There are reasons to be skeptical of the details of Pocahontas' story. John Smith's account is the only one we have of her heroism in saving his life. According to Smith, after being taken prisoner by Powhatan, he was stretched across a large rock as the chief raised an axe as though to smash Smith's skull. But Pocahontas threw herself across the young settler and pleaded for his life. 

Some scholars have suggested that Smith either misunderstood, or with a flair for the dramatic, misrepresented a scripted adoption ceremony. After all, they point out, shortly after Smith's deliverance, Powhatan offered the young Englishman his own territory to rule; he made Smith, in effect, a werowance, or sub-chief, within his government. Others have suggested the gallant princess was a stock figure in Smith's storytelling repertoire. On an earlier occasion, he'd attributed his rescue from Turkish captors to another beautiful princess.

However we explain the famous episode in Powhatan's village, there's a great deal of importance within the figure and story of Pocahontas. She played a critical role in the history of the young colony, and her life reflected the ambitions of both the Native Americans and the English settlers—and the possibilities as well as the problems within their relationship.

Powhatan's View of Jamestown

John Smith and the other Jamestown settlers who landed in 1607 weren't the first Englishmen Powhatan and the Chesapeake Indians had ever seen. 

Other ships had sailed up the Chesapeake before—an English vessel had visited as recently as 1603. And according to some scholars, the remnants of the failed Roanoke colony had been absorbed by the Croatoans—a tribe that lived just south of Powhatan's Pamunkeys. So, Powhatan's people weren't shocked by the appearance of the white-skinned settlers, nor were they particularly impressed by them. After all, the first Jamestown colonists were a small party—only 108 settlers arrived in 1607. Powhatan, on the other hand, governed a federation of roughly 30 communities and 9,000 people. Nor did the English seem likely to establish any sort of permanent community. For starters, there were no women among them. And the men didn't seem to be a particularly hardy group. Within weeks of their arrival, sickness raced through the settlement, and over the first winter, more than 60% of the settlers died.

Initially, the Native Americans were somewhat unnerved by the muskets carried by the English—they made a tremendous amount of noise. But the Native Americans quickly learned that they took forever to load—a Native American could shoot four or five arrows in the time it took an Englishman to reload a musket—and at distances of more than a few yards the muskets were terribly inaccurate. Even the English recognized the gun's greatest threat lay in its mystery, recommending that only the best marksmen be allowed to shoot in front of the Native Americans—otherwise they would quickly learn "the weapon is not so terrible."12

In short, there were reasons not to be too alarmed by the arrival of the English settlers—and plenty of reasons to believe that they could be absorbed within the Chesapeake confederation just as other communities had been absorbed in the past. Given the strength of the Native Americans and the weakness of the English, Powhatan believed that trade could be established, the two peoples could intermarry, and a proven leader like John Smith could be offered a territory to govern.

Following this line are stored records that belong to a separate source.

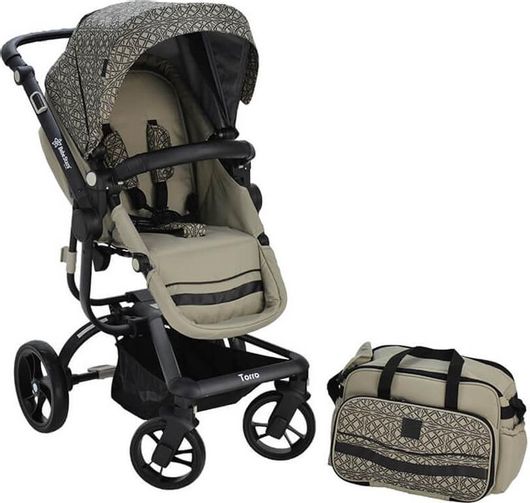 Bebe Stars Καρότσι Αλουμινίου Torro Sand 360-183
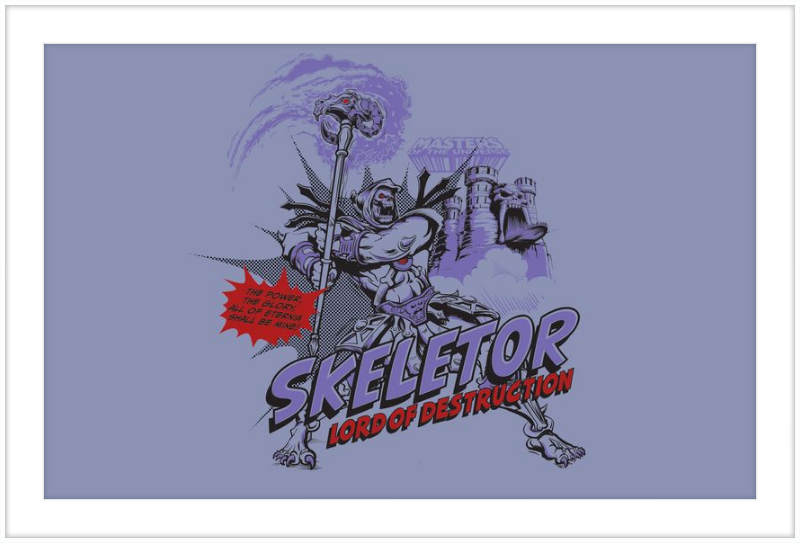 Masters of the Universe Skeletor Lord of Destruction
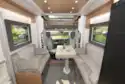 The front lounge in the Bailey Adamo 75-4DL motorhome
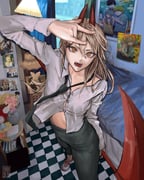 二次元插画 #11463430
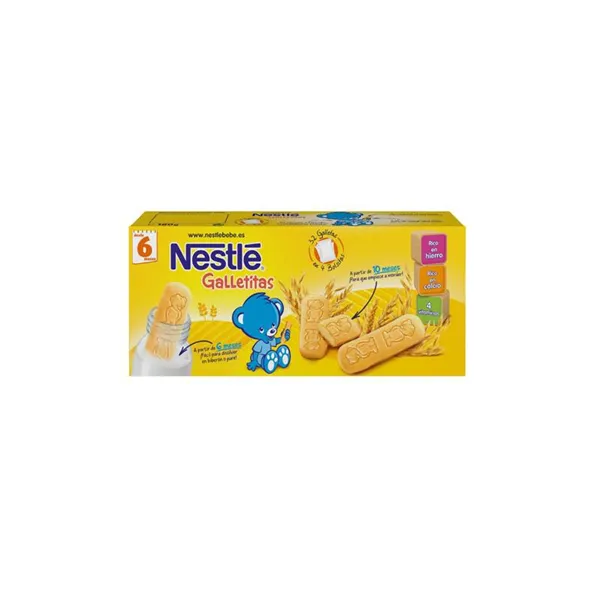 Nestle Nestlé Cookies 6 Months 32 Units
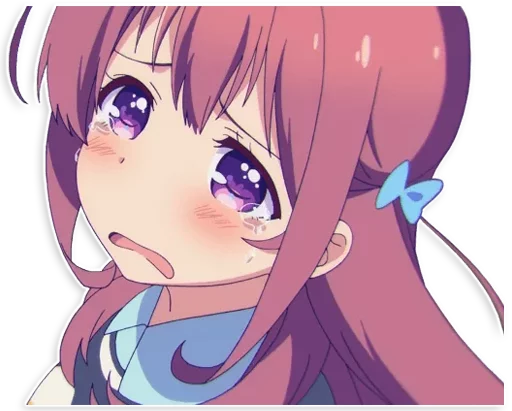 😭 Стикер «lepaAnime2» для Telegram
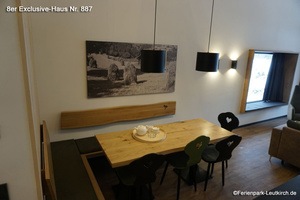 Exclusivehaus 887 – Wohnbereich – Center Parcs Park Allgäu, Foto Dez. 2018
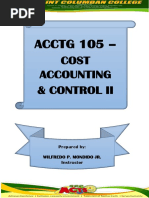 ACCTG 105 MODULE 4_PROCESS COSTING_FIFO & AVERAGE COSTING METHODS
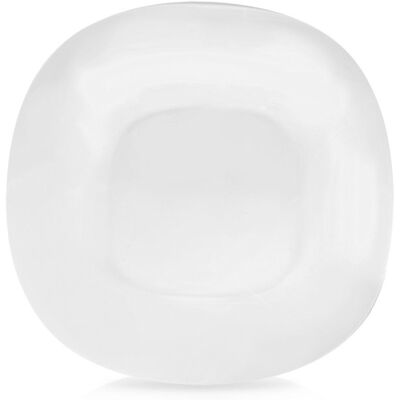 Sans Marque Assiette Plate En Verre Peu Profonde Luna 26,5 Cm - Publicité Sans Marque Assiette Plate En Verre Peu Profonde Luna 26,5 Cm - Publicité
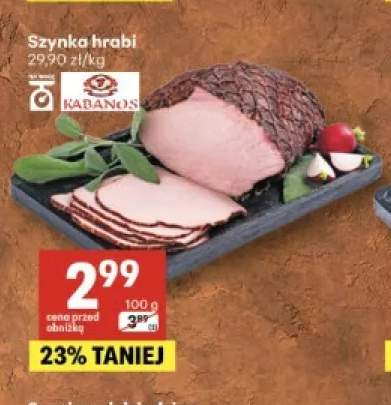 Szynka hrabi Kabanos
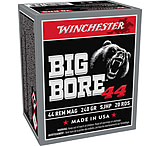 Winchester Big Bore 44 Rem Mag 240 Grain Jacketed Soft Point Brass Pistol Ammunition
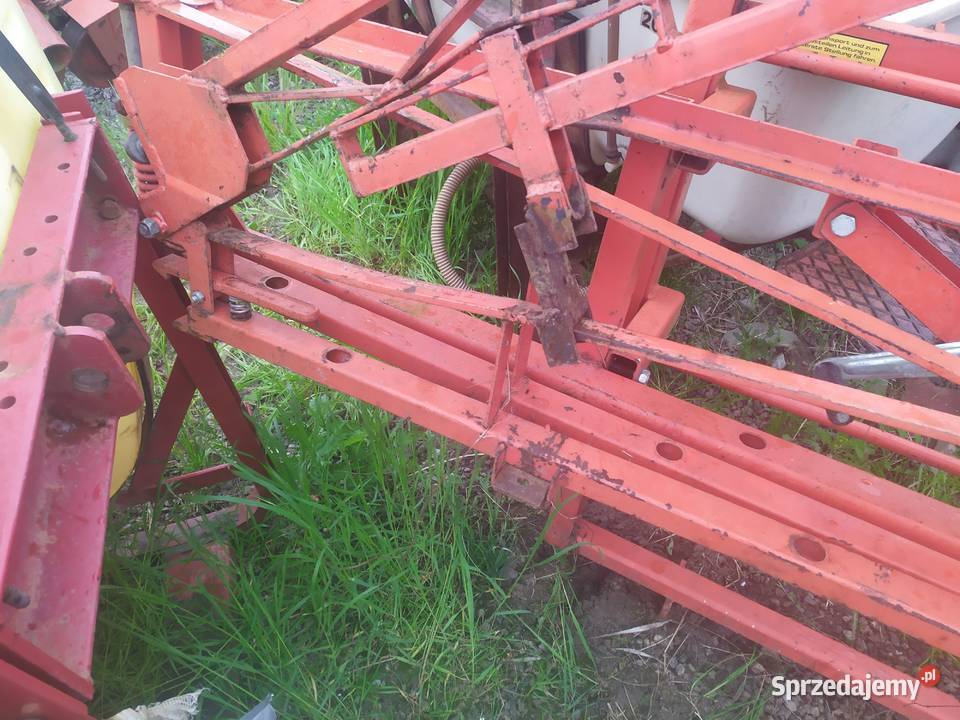 Lanca opryskiwacza szer 10 m Holder Pniówek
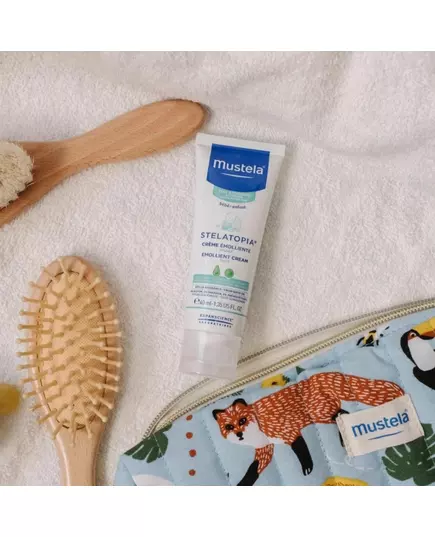 Mustela Stelatopia Softening Face Cream 40 ml, image 3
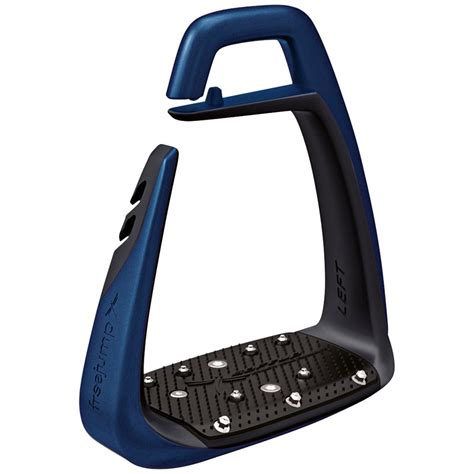 Stirrups leather single strap pro grip. STIRRUPS FREEJUMP model SOFT UP CLASSIC - MySelleria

Jamestown's View of Powhatan

The problem, of course, was that the English saw things differently. They carried to the New World a bundle of assumptions about European superiority, and they assumed that the Native Americans would quickly cower before English technology and power. 

So, just as Powhatan had offered Smith a subordinate position, the settlers attempted to make Powhatan a vassal of King James. But the Native American king quickly recognized the political significance lying behind the settlers' invitation to come to the English fort to receive a scepter and crown. 

"Your father is to come to me, not I to him," he told the English delegation sent to retrieve him.13 

The English did agree to take the ceremony to him—but the awkward ritual at Powhatan's village spoke volumes about the conflicting perceptions of the English and the Native Americans. Powhatan refused to stoop to receive the crown. Only by pushing down heavily on his shoulders were the English able to get him to bend enough to appease their egos.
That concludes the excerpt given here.